According to Jake Moore, Global Cybersecurity Advisor at ESET, “LockBit is a ransomware attack which uses extortion tactics once the malware is in place making it more lethal. It is dangerously self-spreading in organisations and targeted at victims or their systems specifically looking for vulnerabilities such as being able to bypass authentication.”
He explained that LockBit will then automatically spread the infection and encrypt all accessible computer systems on the network. “Once data has been stolen, the extortion tactics occur.”
In a statement on the ICBC FS website, the bank announced that following the discovery of the ransomware attack on Wednesday, they immediately “disconnected and isolated systems to contain the incident.”

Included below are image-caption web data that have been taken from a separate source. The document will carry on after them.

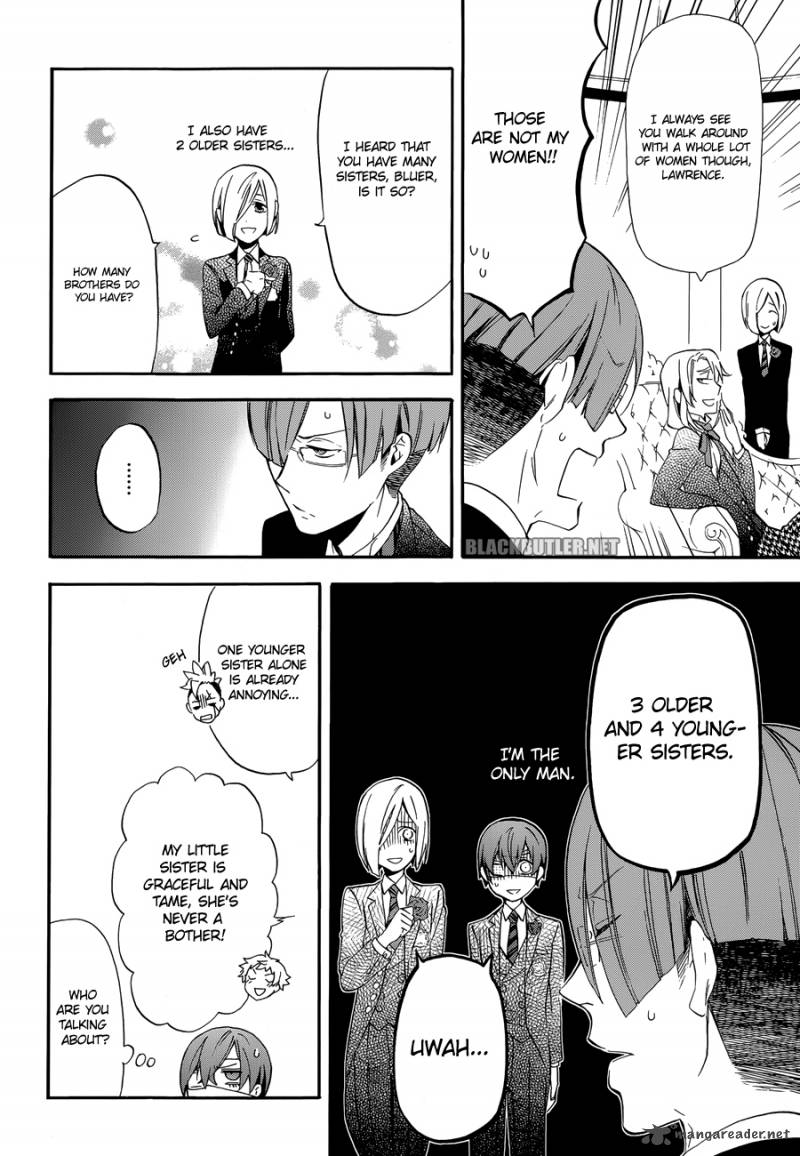 Kuroshitsuji Chapter 72 - Page 19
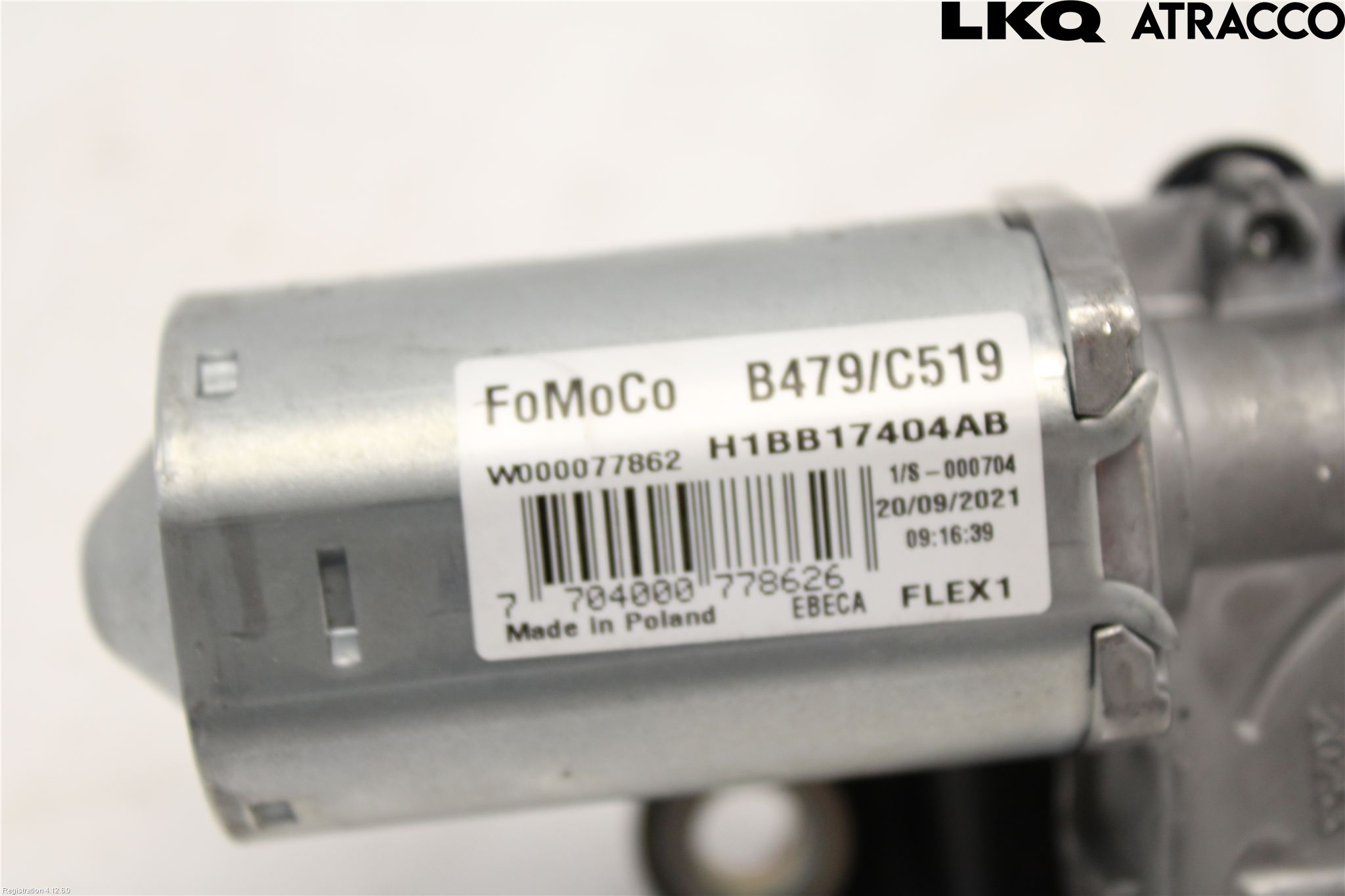 Ford FOCUS 19- Torkarmotor Baklucka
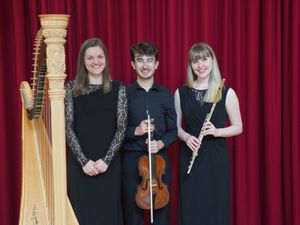 Supporting image for story: Ensemble of graduates from the Royal Welsh College of Music and Drama playing at Music in New Radnor concert on Saturday, December 14 at 7.30pm.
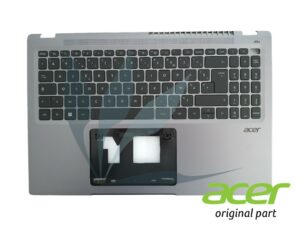 Clavier français rétro-éclairé avec plasturgie repose-poignets grise neuf d'origine Acer pour Acer Swift SFX16-52G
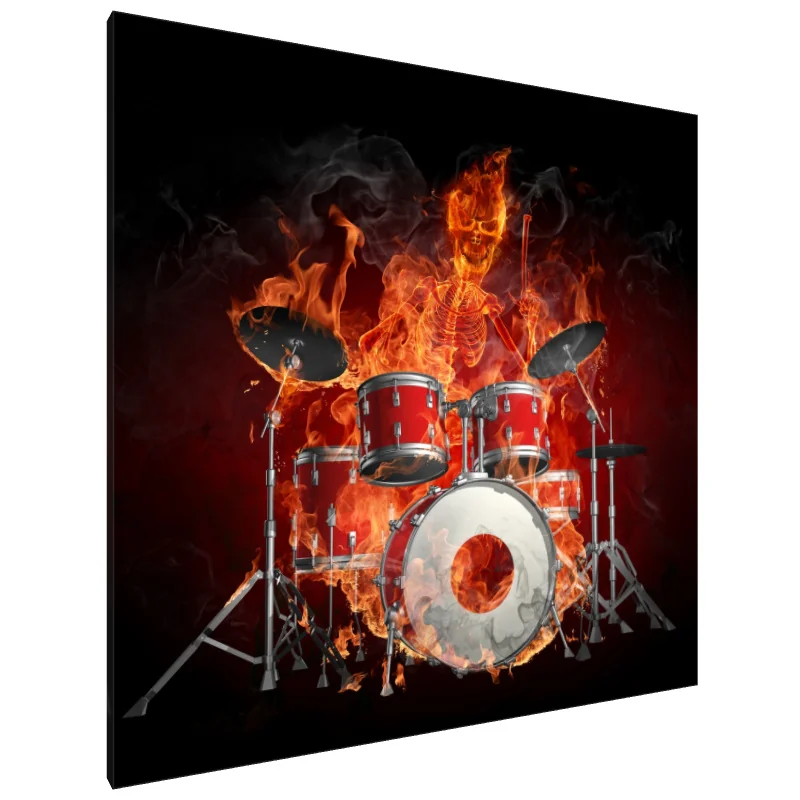 Tablou Canvas: Ritmurile Infernului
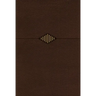 Niv, Thompson Chain-Reference Bible, Leathersoft, Brown, Red Letter, Thumb Indexed, Comfort Print
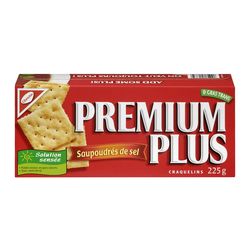 Biscuits soda saupoudrés de sel, Premium Plus - Christie Online now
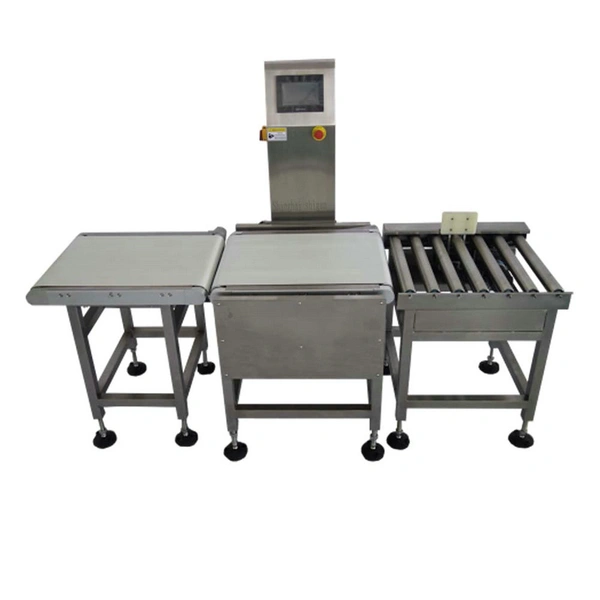 30/50kg High accuracy weight checker conveyor belt,digital online checkweigher factory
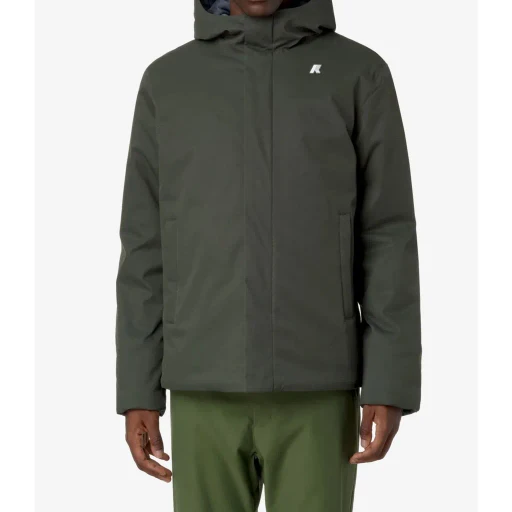 Logo Hooded Casual Jacket
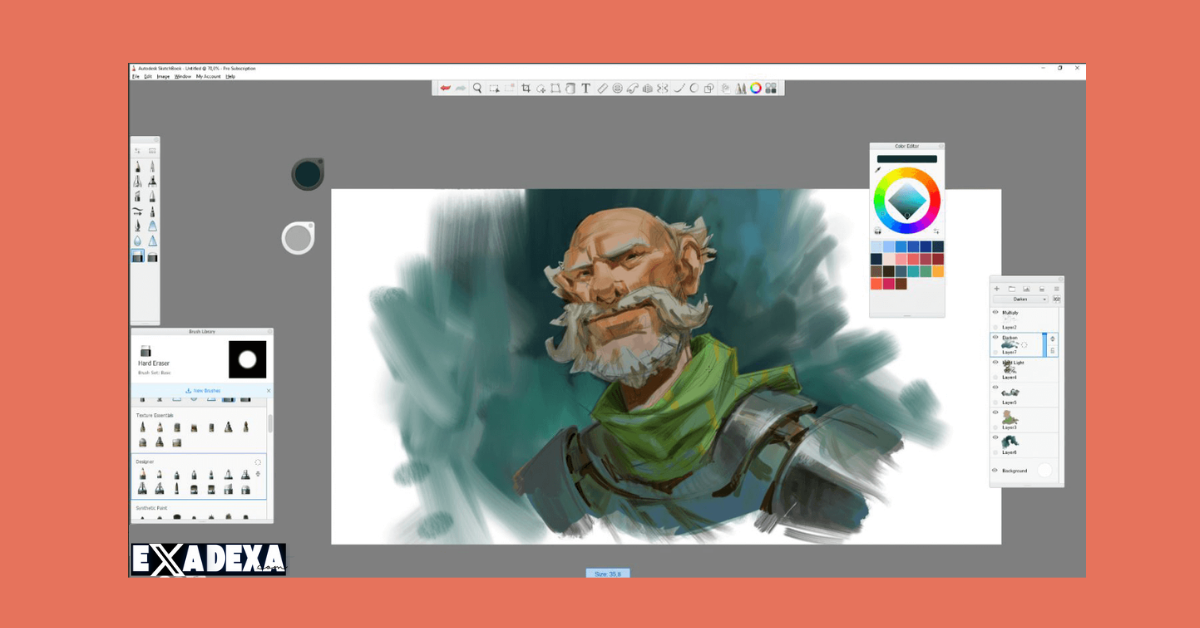 Sketchbook Pro 2020 free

Significantly, the attack has impacted the U.S. Treasury market, resulting in ICBC FS clients having to reroute trades through different banking services. Some financial experts are concerned the fallout of this incident will impact liquidity of US Treasuries.
“The attack on ICBC, China’s largest bank, shows that no organisation is ever safe from the threat of ransomware,” said Camellia Chan, CEO and Co-Founder of Flexxon. “Both old and new gangs and threat actors are always plotting their next move. In fact, ransomware had a record month in September. And we all know the consequences can be disastrous. Just look at MOVEit from earlier this year – cybercriminals accessed data from a whole host of businesses and governments, including Shell and the United States Department of Energy, and is still being felt today across the supply chain.”
While ICBC FS is a subsidiary of the Industrial and Commercial Bank of China group, its business and email systems operate independently. According to the notice, neither the ICBC Head Office nor the ICBC New York Branch were impacted in the attack.
This is a developing story and ICBC FS may still come out with more news yet. Fortunately, the bank’s notice includes reassurance that they are, “conducting a thorough investigation and is progressing its recovery efforts with the support of its professional team of information security experts.”
The incident has also been reported to law enforcement.
Roger Grimes, Data-Driven Defence Evangelist at KnowBe4, thinks that this is a surprisingly big and powerful target for LockBit to have gone after.
“Incidents like this, where there’s “real” money involved, often don’t work out long-term for the ransomware gang involved,” Grimes said in a comment to IT Security Guru.
He explained, saying, “The authorities not only get involved, but there’s big pressure for people to be arrested and the gang shutdown. I’m surprised the ransomware gang went ahead with the exploitation. Perhaps they didn’t realize what they had and what they would be interrupting. But the Chinese certainly have their own great hackers they can use as an offensive resource and the US authorities are pretty good at identifying culprits and dishing out pain when the money involved is enough. This is one of those cases.”
However, Chan offered an additional perspective, pointing out that “The ICBC attack has already disrupted trades in the US Treasury market, who is to say the damage will stop there? The good news is, it appears the bank acted swiftly by isolating affected systems, and investigations are ongoing – but this will no doubt shake organisations across the globe. To meet the fast-evolving threat landscape, organisations need to be proactive in recognising security gaps and must address those with innovative, proven solutions at both the software and the hardware layer.”